Estaría sujeto acaso a un acto de
iluminación el realizador al rechazar a
Cary Grant para encarnar el personaje central de Ladrones de bicicletas
(1948), así como el respaldo económico de los norteamericanos, en valiente
determinación en momentos en que todos daban la espalda al guión. Es, en fin,
Lamberto Maggiorani, obrero en la realidad, quien da vida al Antonio Ricci del
filme -uno de los dos millones de parados que se dan cabezazos en la Italia de la época-, el
hombre que busca su bicicleta robada para poder seguir pegando anuncios y
continuar así superviviendo con su María y los dos hijos. A Bruno, el pequeño que va tras de sí, lo
asume Enzo Staida, otro actor-no actor salido de la calle. Entre ambos quedará
establecida la comunión emocional, la empatía histriónica que añoraba De Sica
para impregnar verismo, hondura al cuadro dramático planteado.

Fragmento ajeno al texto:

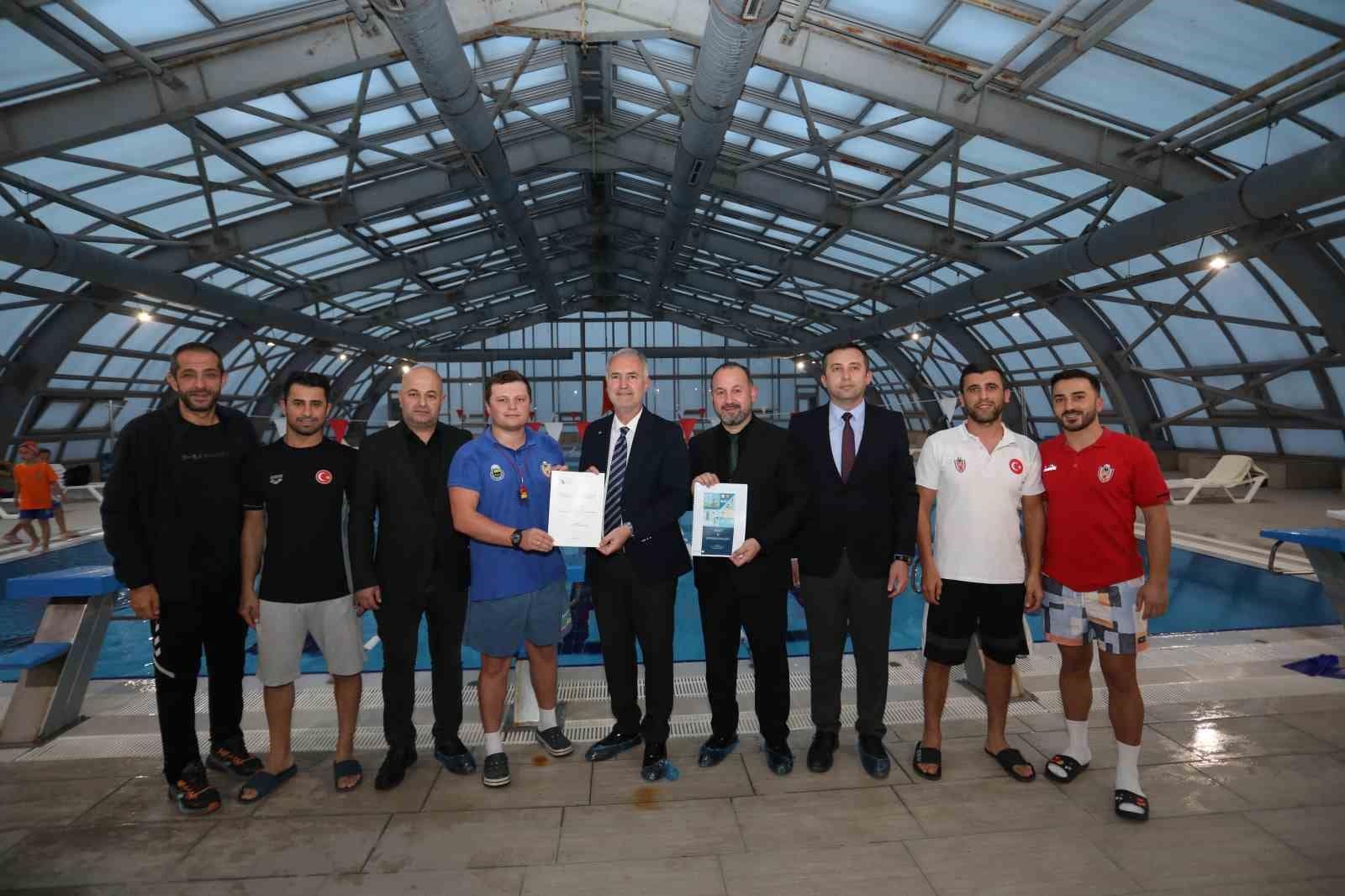 Başkan Taban İnegöl Belediyespor’un yüzme sporcularıyla buluştu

En declaraciones
formuladas a Le Parisienne en 1953, evocaba la secuencia en la cual
Bruno sigue los pasos del padre, presa éste del abatimiento tras ser
sorprendido en el intento de robo de una bicicleta, para fundirse luego la
pareja en bella identificación de dos almas: " Cuando Maggiorani,
llorando, siente la pequeña mano del niño que se desliza dentro de la suya,
tuvo la sensación de que su hijo estaba cerca de él, y sus lágrimas fueron
verdaderamente ardientes de humildad". Como ardientes fueron las de todos
aquellos que en su día advirtieron en la tragedia de Ricci, hombre-muestra, hombre-causa del agobio
capitalista, cuánta amargura se abatía sobre Italia en virtud de la
implantación de un modelo social que De Sica y Zavattini, al igual que otros
abanderados del movimiento neorrealista, enjuiciaron a través de esta y otras piezas, mal que le
pesara a quienes por razones ideológicas no quisieran apreciarlo.

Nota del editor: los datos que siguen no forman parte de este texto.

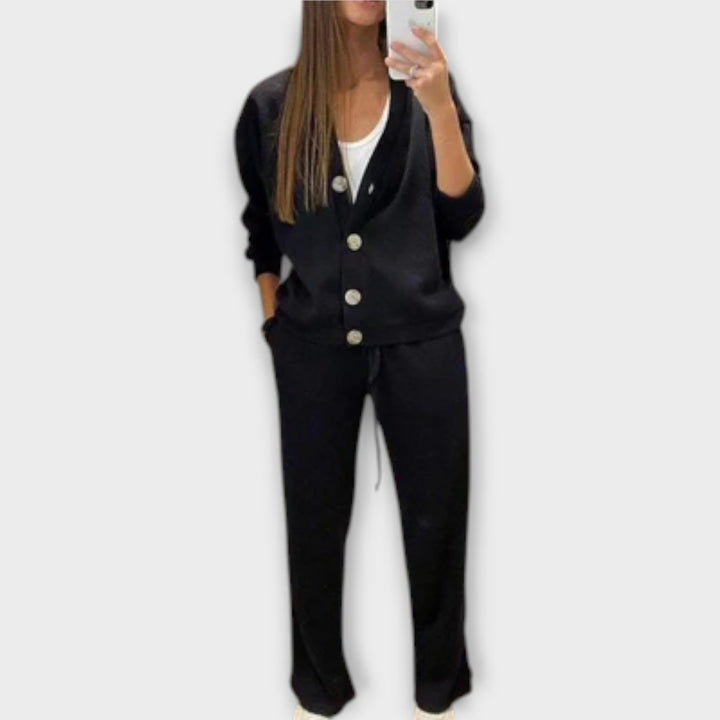 Chantal – Ensemble Cardigan et Pantalon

Luego de Limpiabotas y Ladrones de
bicicletas, películas de amplia repercusión internacional, Milagro en
Milán (1950), representó el capítulo tercero de lo que la mayor parte de
investigadores y críticos conceptúan como la trilogía neorrealista de De
Sica-Zavattini, con el "apéndice dramático" -tal cual le denomina
nuestro Mario Rodríguez Alemán- de Umberto D, aunque en verdad, bien
mirado, no hay ninguna herejía ni despropósito en las intenciones indexativas si igual se aprecia
este cuerpo artístico como una tetralogía de estrechos vasos comunicantes,
donde el factor de opresión social desencadena el conjunto situacional. El
dolor, el sufrimiento, la incapacidad del individuo para enfrentar la
supervivencia porque las trabas impuestas por la miseria le superan, devienen
en el gozne interconectivo de los cuatro discursos. Más allá de la unicidad o
la complementariedad temática, a las cuatro películas las emparenta el vigor
narrativo, la reciedumbre dramática de su desarrollo y las apelaciones
estilísticas de los planteamientos formales:
verismo cuasi documental, intérpretes y escenarios naturales, no
maquillajes, cero artificios técnicos (salvo en determinada zona de Milagro
en Milán), ausencia de decorados, iluminación naturalista, diálogos simples
sin calzos de elaboración retórica, total naturalidad en las actuaciones…,
elementos por otro lado identificatorios de la estética neorrealista. Son cuatro regios alegatos que crisparon los
nervios de la oligarquía peninsular y le supusieron a sus creadores ser tachados
de filo-comunistas, izquierdistas y subsecuentes …istas. Si bien, cual suelen recordar estudiosos de
izquierda y derecha, más los segundos, nunca mencionó la dupla De
Sica-Zavattini el término capitalismo, lo que destilan estas cuatro grandes
obras es una total abjuración de las derivantes concretas de dicho sistema:
mendicidad, desempleo, abuso infantil, desatención a la ancianidad, burocracia,
desconfianza e inmisericordia entre los hombres.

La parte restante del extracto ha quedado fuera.